Last night the apple trees shook and gave each lettuce a heart
Six hard red apples broke through the greenhouse glass and
Landed in the middle of those ever-so-slightly green leaves
That seem no mix of seeds and soil but of pastels and light and
Chalk x’s mark our oaks that are supposed to be cut down   
I’ve seen the neighbors frown when they look over the fence
And see our espalier pear trees bowing out of shape I did like that
They looked like candelabras against the wall but what’s the sense
In swooning over pruning I said as much to Mrs. Jones and I swear
She threw her cane at me and walked off down the street without
It has always puzzled me that people coo over bonsai trees when
You can squint your eyes and shrink anything without much of   
A struggle ensued with some starlings and the strawberry nets
So after untangling the two I took the nets off and watched birds
With red beaks fly by all morning at the window I reread your letter
About how the castles you flew over made crenellated shadows on   
The water in the rainbarrel has overflowed and made a small swamp
I think the potatoes might turn out slightly damp don’t worry
If there is no fog on the day you come home I will build a bonfire
So the smoke will make the cedars look the way you like them
To close I’m sorry there won’t be any salad and I love you

by Matthea Harvey, from Pity the Bathtub Its Forced Embrace of the Human Form

Monday, April 7, 2014

Why I Have a Crush On You, UPS Man

For all the people I know, including me, whose lives revolve around the mail. But especially for Abby.

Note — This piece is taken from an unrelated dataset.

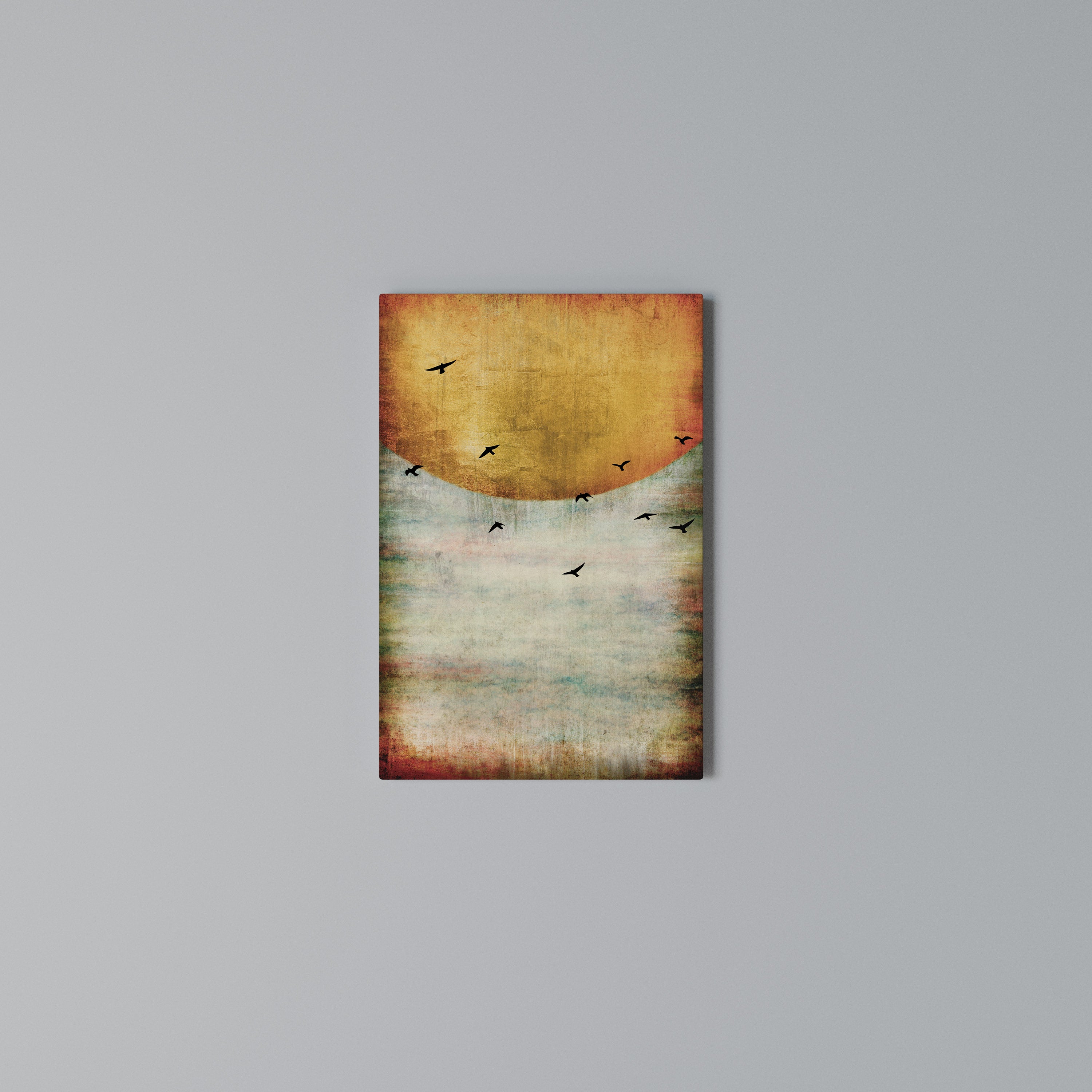 UP TO THE SUN Vertical Canvas Print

Click the title of the poem to listen.

Why I Have a Crush On You, UPS Man

you bring me all the things I order
are never in a bad mood
always have a jaunty wave as you drive away
look good in your brown shorts
we have an ideal uncomplicated relationship
you're like a cute boyfriend with great legs
who always brings the perfect present
(why, it's just what I've always wanted!)
and then is considerate enough to go away
oh, UPS Man, let's hop in your clean brown truck and elope!
ditch your job, I'll ditch mine
let's hit the road for Brownsville
and tempt each other
with all the luscious brown foods --
roast beef, dark chocolate,
brownies, Guinness, homemade pumpernickel, molasses cookies
I'll make you my mama's bourbon pecan pie
we'll give all the packages to kind looking strangers
live in a cozy wood cabin
with with a brown dog or two
and a black and brown tabby
I'm serious, UPS Man. Let's do it.
Where do I sign?

by Alice N. Persons, taken from Good Poems, American Places

Sunday, April 6, 2014

Love Poem

Happy Sunday to my sweetheart.

Click the title of the poem to hear it.

Love Poem

I live in you, you live in me;
We are two gardens haunted by each other.
Sometimes I cannot find you there,
There is only the swing creaking, that you have just left,
Or your favourite book beside the sundial.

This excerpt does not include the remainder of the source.